8 Conclusion and future avenues of research

As seen in this paper, some unsupervised learning algorithms can be accelerated beyond what can be achieved classically by making some of their subroutines quantum mechanical. Moreover, in some distributed learning scenarios, it is possible to save on the communication cost if the participants are allowed to exchange quantum information or if they share prior entanglement, such as the distributed version of k-medians (Sect. 6.2). In this conclusion, we summarize the different results presented in this paper and open new avenues of research for quantum unsupervised learning algorithms.

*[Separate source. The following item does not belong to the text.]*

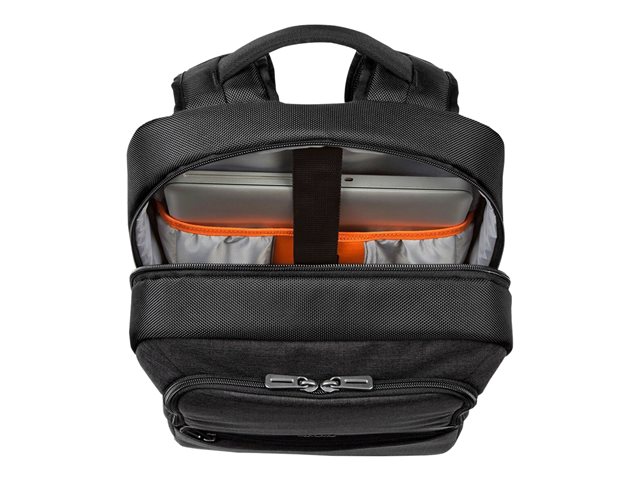 Targus CitySmart Essential - Notebook carrying backpack - 12.5\" - 15.6\" - black, grey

8.1 Fair comparison between classical and quantum learning algorithms and lower bounds

In order to make a fair comparison between classical and quantum clustering scenarios, it is important to consider the best known classical algorithm when the only information available is the distance between pairs of points as well as when a complete description of the datapoints is available. For instance, when building a neighbourhood graph, the classical algorithm for kd-trees computes this graph so efficiently that quantizing the classical algorithm working only on the distances offers no significant advantage if the dimension d is small (Kibriya and Frank 2007). A fundamental open question is the study of the lower bounds for different clustering scenarios, be they classical or quantum mechanical. In particular, can we characterize precisely the situations in which the quantized version of the clustering algorithm offers a speed-up not only on its classical counterpart but on all possible classical algorithms?

For example, in the case of the minimum spanning tree (Sect. 4), Dürr et al. (2004) have proven that their algorithm is optimal. Therefore, if one could give a reduction between the problem of k-clustering with maximum spacing and the construction of the minimum spanning tree, this would imply that no clustering algorithm that tries to maximize the criterion of k-clustering with maximum spacing, whether it be classical or quantum mechanical, can take less than Ω(n 3/2) time. Table 1 summarizes the results seen so far in this paper.

Table 1 Table summarizing the lower and upper bounds in the time (or communication cost) required by unsupervised learning algorithms studied in this paper

These bounds are relatively tight for the clustering via minimum spanning tree, for the divisive clustering and for the “smart” initialization of the cluster centres. Concerning the construction of the neighbourhood graph and the detection of outliers, it seems likely that the true lower bound is closer from Ω(n 3/2) than from Ω(n). If this intuition were formally proven, this would have for consequence that the algorithms presented in this paper are essentially optimal. On the other hand, for the quantum version of the k-medians algorithm, there is still a important gap between the lower bound and the upper bound, which leaves open the possibility of finding a more efficient quantum algorithm. In particular, the impact of the new approximate median-finding algorithm of Brassard et al. (2011) should be investigated.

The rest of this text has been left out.